Sustainability in hospitality
The Le Merdien Al Aqah in fujairah is self-sustainable producing its own water and processing its own sewage setting a new precedent for the regional hospitality sector
The Le Méridien Al Aqah in Fujairah was the first five-star resort to set up shop 16 years ago on the eastern coast of the UAE and pioneered several firsts after addressing critical infrastructural gaps it faced in its utility requirements.
For instance, the resort was one of the first hotels in the region to have its own sewage treatment plant (STP) on site when it opened in 2003. “It was on a much smaller scale (compared to the one we have today) and we didn’t have as much capacity. So we had to send some effluent away via tankers on a near enough daily basis when the hotel was running at full occupancy — it wasn’t sustainable enough,” says Patrick Antaki, complex general manager at Le Méridien Al Aqah, Al Maha Desert Resort and the Tennis and Country Club, Fujairah.
Four years ago the resort was able to refurbish the existing STP and thanks to advancements in technology the plant was now more efficient than before.
He says: “Sewage treatment technology had evolved and we could now use the same pan / containers but treat more effluent. This was made possible by aerating the pans from the bottom instead of doing it from the top. In lay mans terms: they put massive shower heads with hundreds of tiny holes that aerates the flow. This allowed the plant to process the effluent a lot quicker, making it capable to process more sewerage than before. More importantly the quality of treated effluents was much better compared to the old system,” he notes.
Thanks to the new system foul odurs were down to almost zero, with the previous system a tiny mistake was detrimental. “This is something we cannot afford because we have guests on one side and staff accommodation right next to it,” says Antaki highlighting that the room for error is down to a minimum.
“We took it to the next level and covered the sewage plant, which we could not do with the old technology because it relied on fresh air from the atmosphere. The new plant is more efficient and goes through all the waste product we generate, in fact we have spare capacity as well,” Antaki reveals.
The treated water from the STP is then used to irrigate all of the gardens and landscaped area of the hotel.
The RO plant
“After being in operation for many years we planned to build our own reverse osmosis (RO) plant for water because good quality water was a challenge to get at a fair price. After studying it thoroughly we came to a conclusion that an RO plant on site would be a lot cheaper to buy per gallon, the quality of the water would be excellent and it would be environmentally friendly as well. We commissioned the water treatment plant four years ago around the same time we revamped the sewage treatment plant.”
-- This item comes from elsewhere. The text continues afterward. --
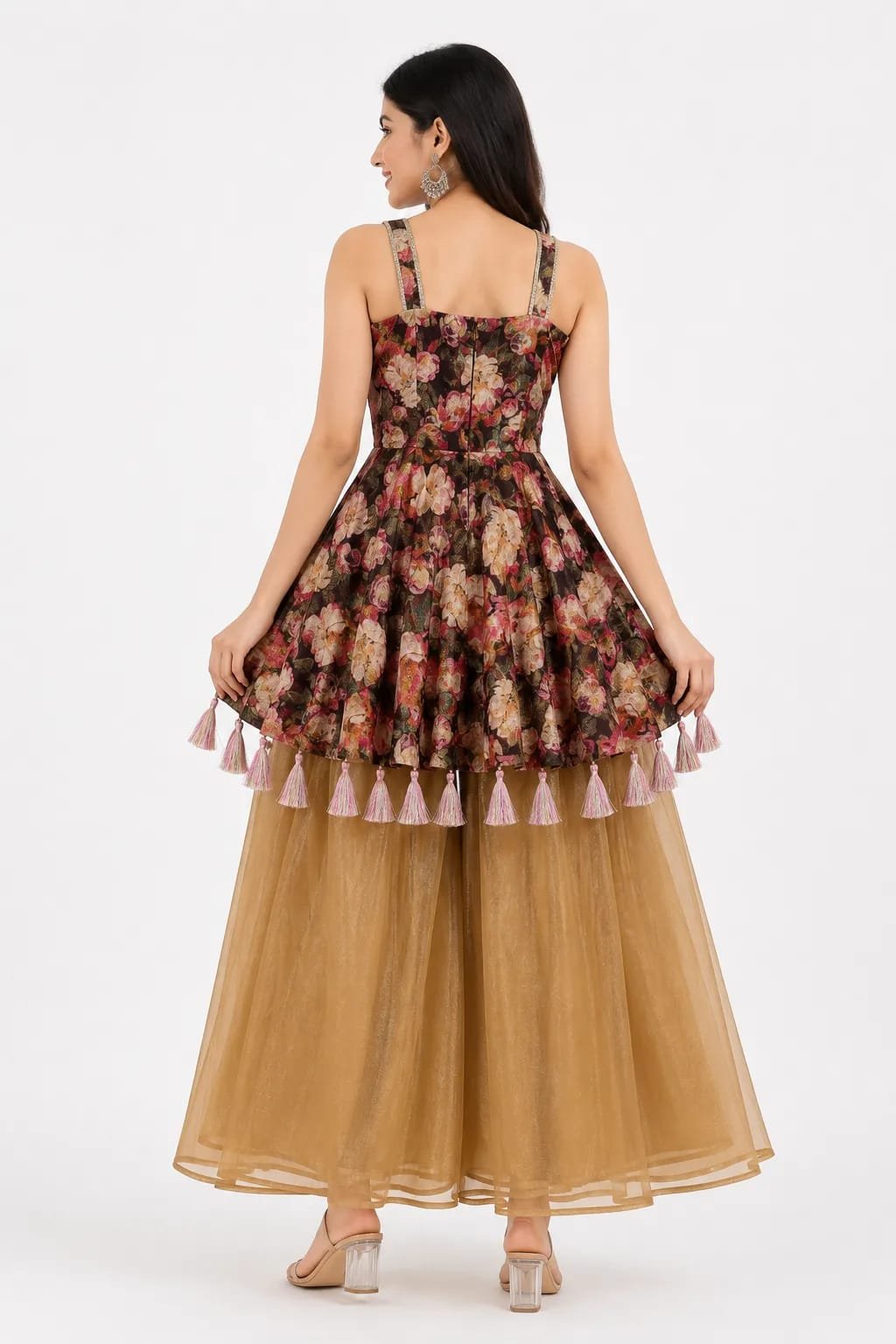 Olive Vintage Floral Peplum Top with Flared Palazzo & Dupatta Set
The process began with the hotel digging bore wells in the beach because it provided a natural layer of filtration in contrast to taking in sea water directly. “Drilling the bore well in the beach means we can use the sand on the bank as a filter, giving us slightly less to do in the plant,” Antaki says.
The plant has a daily capacity of 600m3 per day, but the resort currently only uses only 2/3 of its capacity leaving it in a realistic position of selling the excess water to those in the vicinity who may be in need of it. The water from the RO plant is supplied to all the public areas and guest rooms which is used in the toilets and bathrooms.
In addition to the operational RO plant, there is an additional unit. Once commissioned it will supply fresh water meeting all consumption requirements. “When we had it (the other RO plant) installed we were certain about our plans — we want to stop all one-time use plastics. Eventually, we would like to stop buying plastic bottles and have our own drinking water produced on site. It’s just a matter of licensing,” he says.
Antaki is vehement that the resort’s sustainable practices are far more than a “good PR story”.
He explains: “We are well aware of the different things going on in the world with regards to climate change and damage to the environment. We have to be careful and keep an eye out for future generations. Each and every one of us needs to play our part to save the environment.
“Our owners are Emirates Airlines, who are serious about sustainability. Today, we generate too much waste in general and are not nearly as sustainable. This hotel isn’t going to change the world but if everybody does their bit it will benefit us all eventually. And all this can be recoverable in dollars and there are tangible results and savings to everything. We make our water, and the more efficient we become the less power we end up use. Overall, it starts reflecting on our utility bills.”
The hotel paid AED2m to install the RO plant and the ROI was achieved in just 18 months.
Today, many hotels have looked at installing RO plants and put in STPs, while also investing in solar panels. The Al Maha Desert Resort, which is also under Antaki’s stewardship, has its RO plant and STP in place from the day it opened, he says.
“We have close to 300 light posts across the resort and by the beginning of the summer they will all be solar powered,” he concludes.